- [YOUR TASK]: For the records that follow, please set down exactly the lines between the one holding "30 King George" and the one holding "TRIUMPH TEMPTING LACE", inclusive, and only those.
---- RECORD EXCERPTS
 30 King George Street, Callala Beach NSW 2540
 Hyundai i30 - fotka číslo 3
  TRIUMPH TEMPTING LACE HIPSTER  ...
--------
---- RECORD EXCERPTS
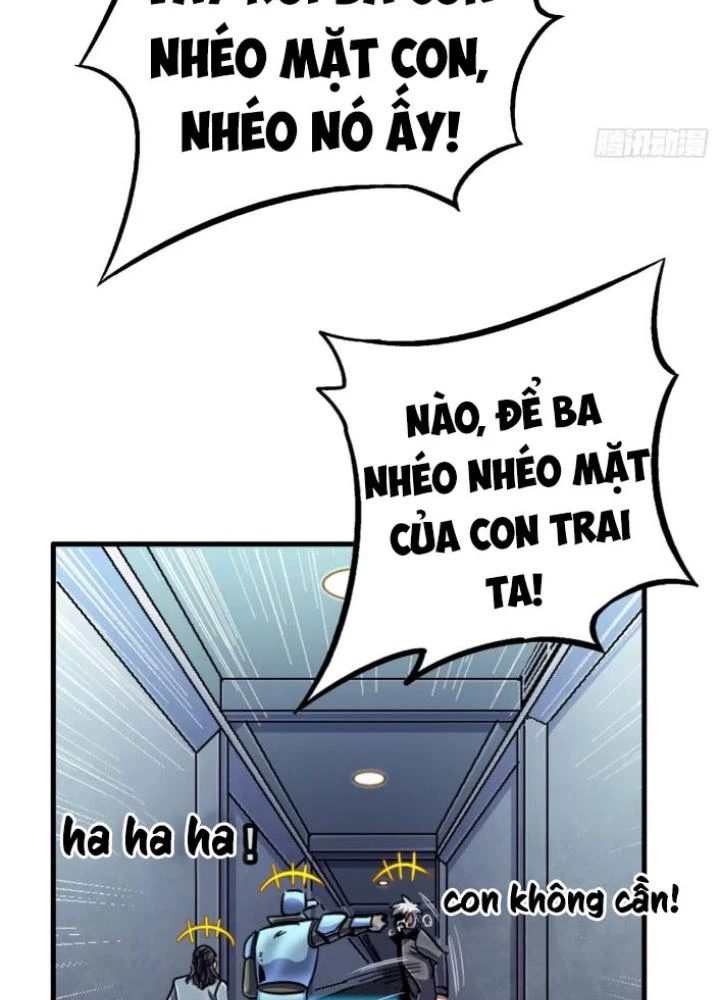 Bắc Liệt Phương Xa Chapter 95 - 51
--------
- [TASK ANSWER]:
 30 King George Street, Callala Beach NSW 2540
 Hyundai i30 - fotka číslo 3
  TRIUMPH TEMPTING LACE HIPSTER  ...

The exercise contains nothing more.